Due to its great physiographic and faunal diversity, the natural heritage of Villena is of great importance in the province of Alicante. Its landscapes, dominated by a rocky and limestone ecosystem, have a rich environmental value that is apparent in an ecosystem with Meseta and Mediterranean characteristics.

The Sierra de Salinas stands out because of its altitude and extension, populated by holm- oak groves, pine forests and fauna among which the common genet, the wild cat or the wild boar stand out. There is also a large population of birds of prey such as the eagle owl, the tawny owl and the golden eagle. In addition, it has a micro-reserve of flora in the Lagrimal Cave, with protected species such as the star thistle and the perennial pepper weed.

Other outstanding mountain ranges are the Morrón, to the north, the Peña Rubia, to the south, and the Sierra de la Villa or San Cristobal, on which part of the urban centre lies. Here we can find Aleppo pine, rosemary, juniper, thyme or gorse.

The vast area of ​​Los Cabezos extends towards Yecla and Caudete, a relief with rounded hills shaped by wind weathering that houses an interesting Iberian gypsiferous vegetation and scrubland. Plants capable of withstanding the stressful gypsiferous habitat and the climatic contrast of the high summer temperatures and the severe winter frosts; such as the common soapwort, limonium supinum, the felty germander, the smooth rupturewort and immortelle (everlasting). In addition, there is a fragment of steppe-type vegetation with plants such as mugwort or the Maltese Fungus. Species that can be seen in the flora micro-reserve located next to Cabezo Redondo and in which the toothcarp, an endemic fish species in danger of extinction, has been reintroduced.

The abundant waters that flowed throughout the area, along with the characteristics of the basin, led to the existence in the past of an extensive sheet of water, known as the Villena Lagoon, which was drained at the beginning of the 19th century. These inland salt flats are fed by springs whose waters have a salinity much higher than that of seawater, so a large evaporation surface is not necessary. As in the coastal salt flats, there is a circuit of salt basins, or Saleros, which are intentionally connected by small gates and as the water travels through it evaporates and the saline deposits gradually become concentrated until the sodium chloride reaches crystallization point.

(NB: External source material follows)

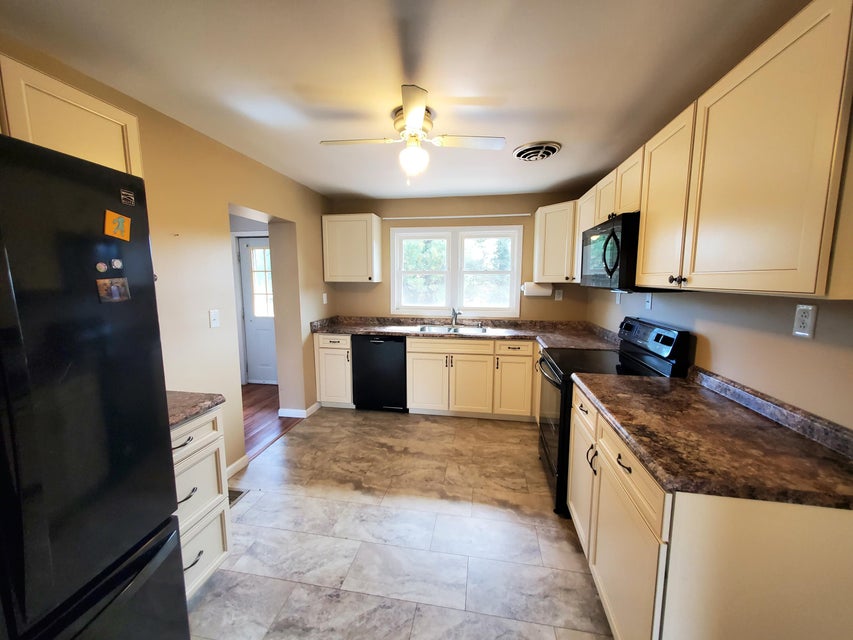 Photo #11: 804 Mosby Street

The three salt basins are: Salero Viejo or Salero de la Redonda, Salero de Penalva and those of Salero Nuevo, also known as Salero de Requena or Salero de la Fortuna. The origin of the first two is lost in time, but the last one however is more recent.

Treat nature well:

  • Leave the place clean. Dispose of your rubbish and if possible, any that you come across, in the nearest town.
  • Follow the track. Do not take shortcuts. The ecosystem will welcome this gesture.
  • Fire is the mountainside’s worst enemy. Do not light fires and if you do not smoke, even better. Breathe pure air.
  • Respect the plants. Do not pick flowers or plants: take notes, take photos.
  • Observe animals without disturbing them. If you take your dog along, take responsibility for it.
  • Respect private property. Cross farmland using the trails.
  • Use recreational facilities correctly. Do not damage them, follow the basic rules of behaviour.
  • Forget about motor vehicles. Noise is a form of pollution. Enjoy the silence.